** DATA PROVIDED **
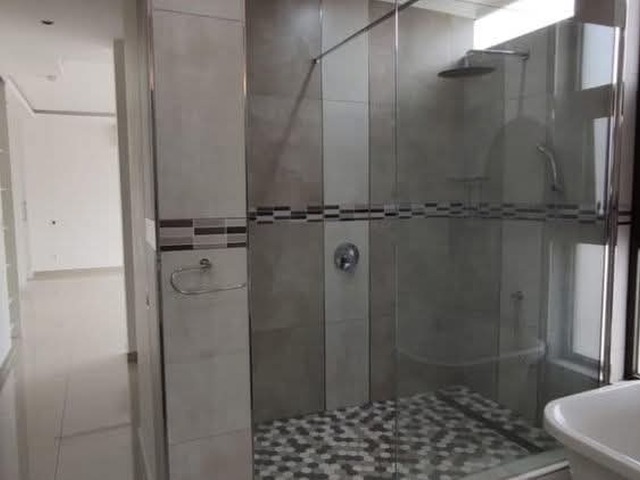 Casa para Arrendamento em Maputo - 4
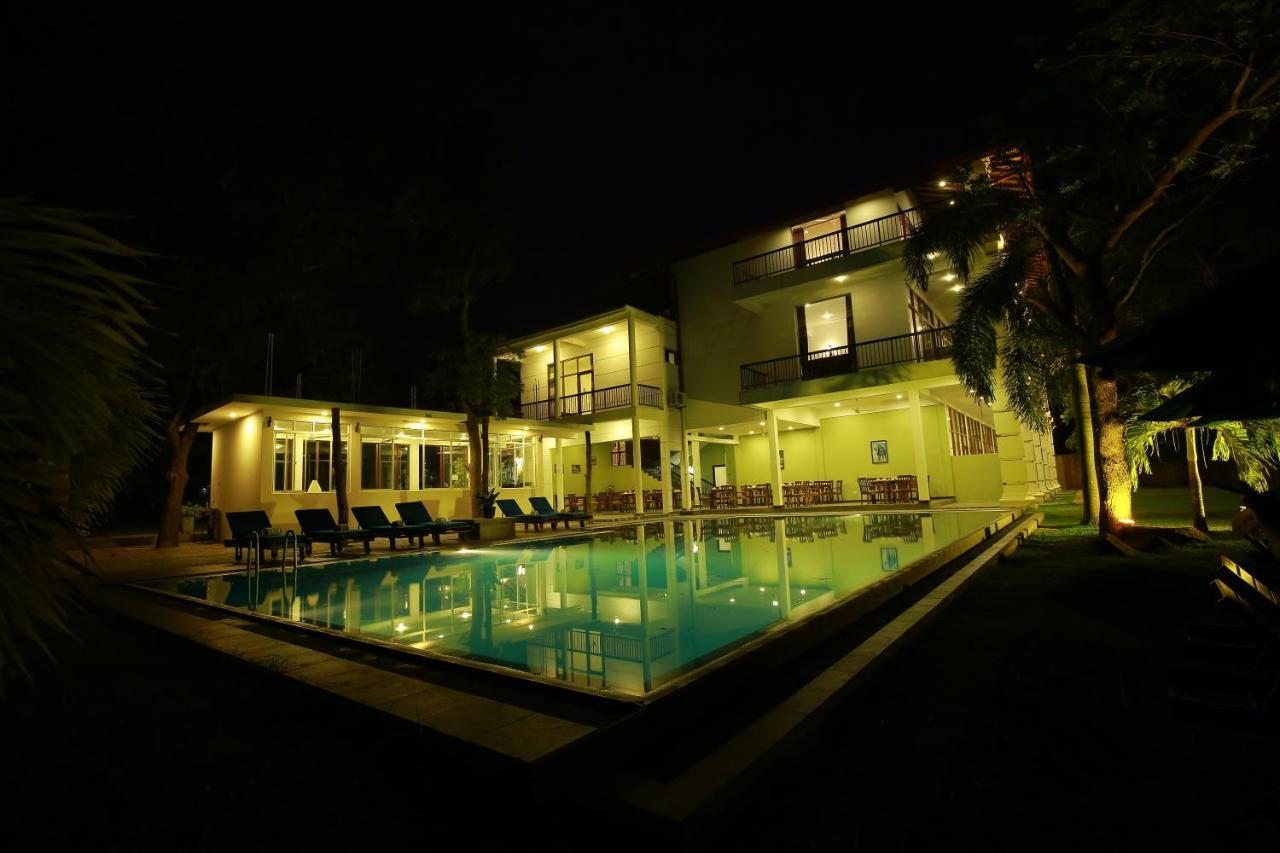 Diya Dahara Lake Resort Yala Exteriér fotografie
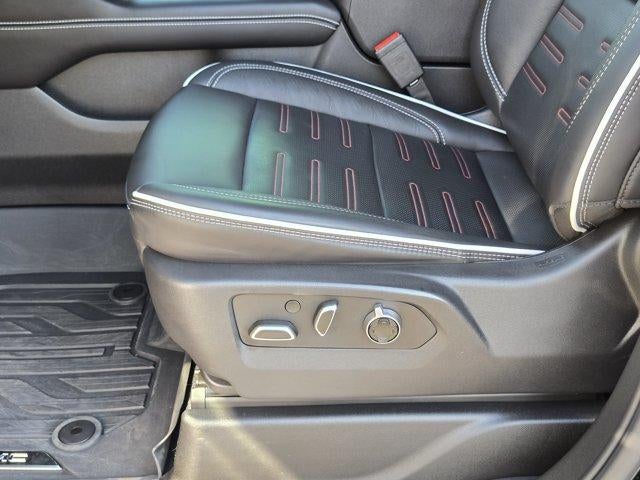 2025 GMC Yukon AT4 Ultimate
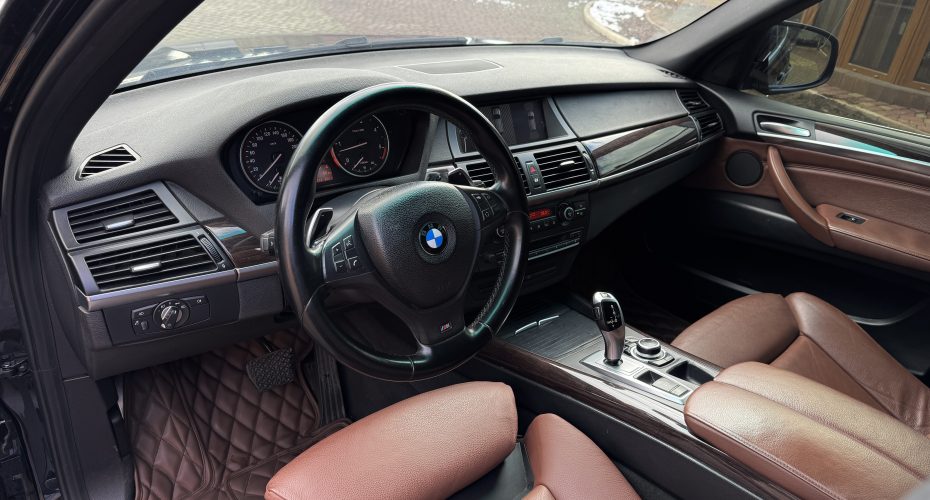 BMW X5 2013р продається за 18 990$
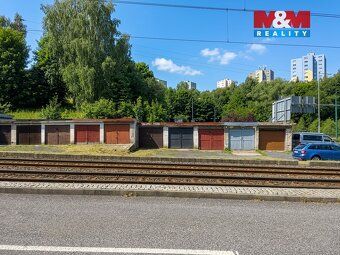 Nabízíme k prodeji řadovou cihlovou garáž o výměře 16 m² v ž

==

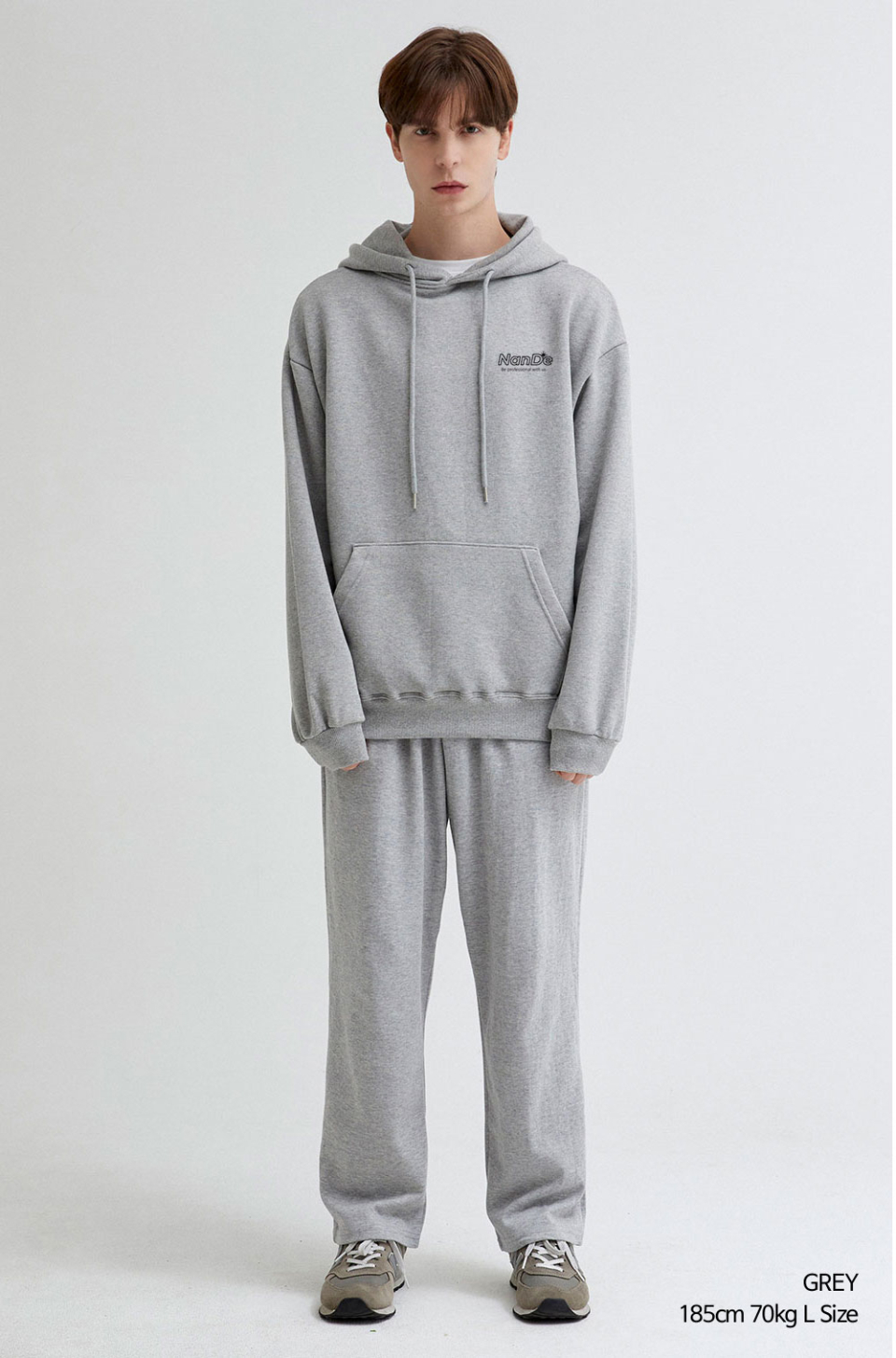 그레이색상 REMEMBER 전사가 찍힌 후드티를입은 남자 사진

==

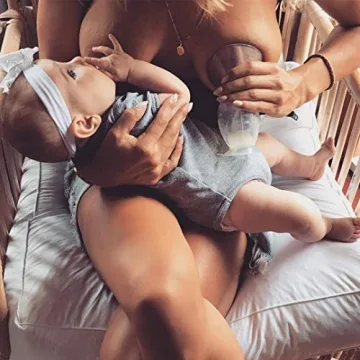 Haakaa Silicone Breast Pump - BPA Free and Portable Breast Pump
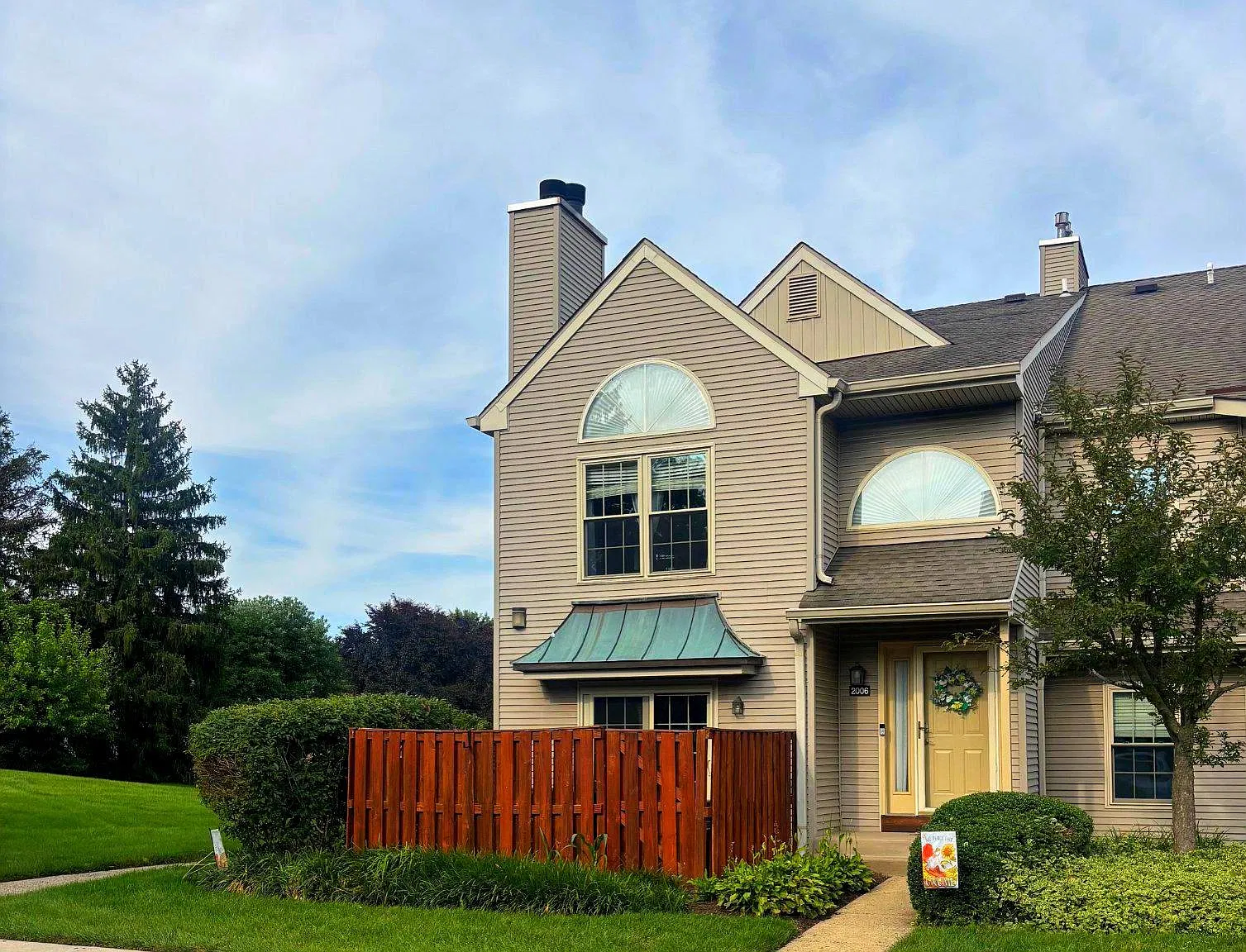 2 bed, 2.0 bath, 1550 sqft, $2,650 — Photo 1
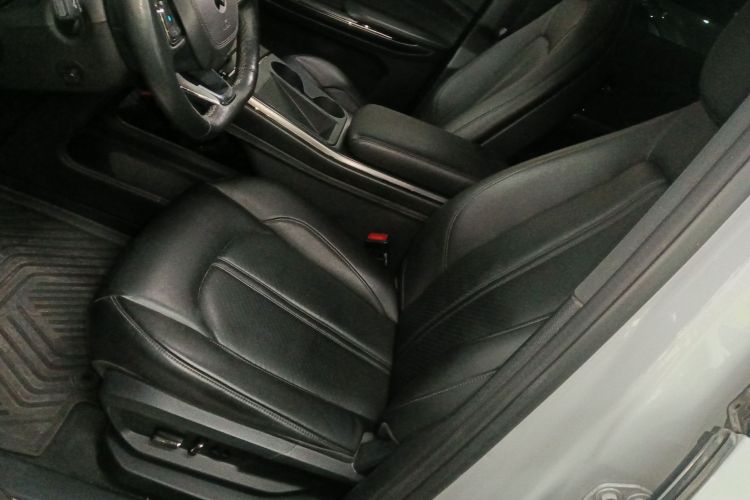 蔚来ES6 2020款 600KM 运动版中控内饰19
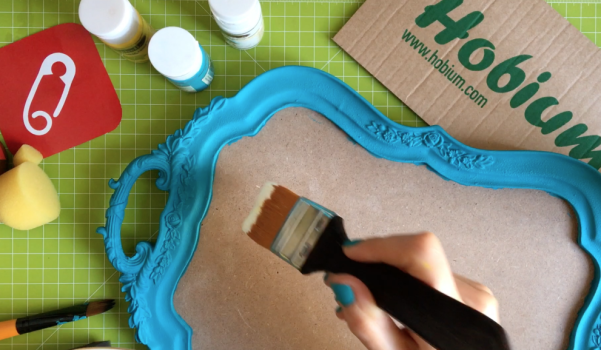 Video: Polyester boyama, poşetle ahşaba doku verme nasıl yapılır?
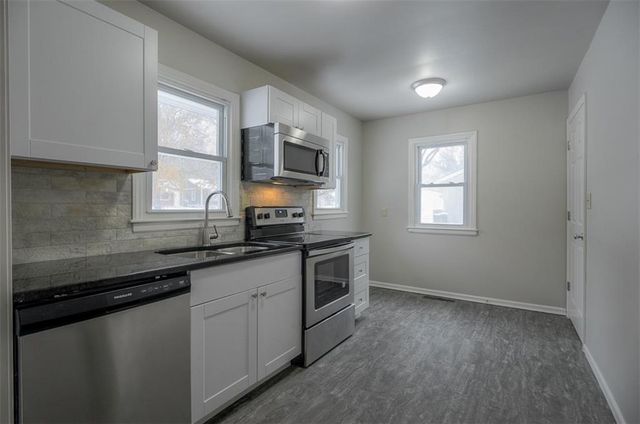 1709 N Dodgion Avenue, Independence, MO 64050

** WORK ORDER **
Copy out the listing above from the line containing "Haakaa Silicone Breast" to the line containing "1709 N Dodgion", both included, exactly as written and minus the images.

** WRITTEN ANSWER **
 Haakaa Silicone Breast Pump - BPA Free and Portable Breast Pump
 2 bed, 2.0 bath, 1550 sqft, $2,650 — Photo 1
 蔚来ES6 2020款 600KM 运动版中控内饰19
 Video: Polyester boyama, poşetle ahşaba doku verme nasıl yapılır?
 1709 N Dodgion Avenue, Independence, MO 64050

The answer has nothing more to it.